Sob a gestão de Barroso, o TSE aprovou uma série de resoluções para conter a propagação de mentiras. Nas eleições deste ano, o tribunal estará sob o comando de Alexandre de Moraes, conhecido pela mão pesada com que conduziu o inquérito das fake news, quando mandou prender apoiadores do presidente. Ele, aliás, também determinou no dia 7 de setembro, quando o bolsonarismo foi às ruas, que o criador do Gettr, Jason Miller, que visitou Bolsonaro e foi a um evento da direita, fosse ouvido pela Polícia Federal no aeroporto de Brasília, mostrando que já está de olho na rede.
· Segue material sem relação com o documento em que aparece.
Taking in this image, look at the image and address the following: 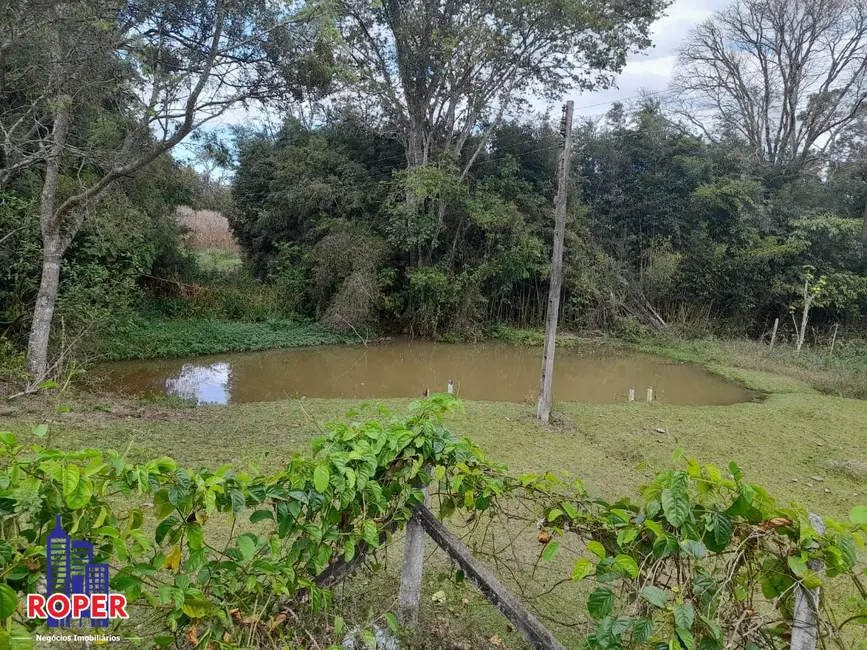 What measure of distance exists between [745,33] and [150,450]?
74.9 feet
Bolsonaro também está atento. Enquanto amplia os seguidores no Telegram e no Gettr, se preocupa em não perder as suas contas tradicionais. Na segunda-feira 10, mandou um recado a quem acha que ele pode acabar como Trump. “Me banir das redes sociais é jogar fora das quatro linhas. Qual é a acusação contra mim? Que fake news tenho praticado nas minhas mídias? Não existe”, disse, cometendo mais uma fake news. Não bastasse tudo isso, no dia 21 de fevereiro Trump lançará a sua própria rede, a Truth Social, que certamente atrairá o bolsonarismo. A batalha eleitoral nas redes, ao que parece, está só começando.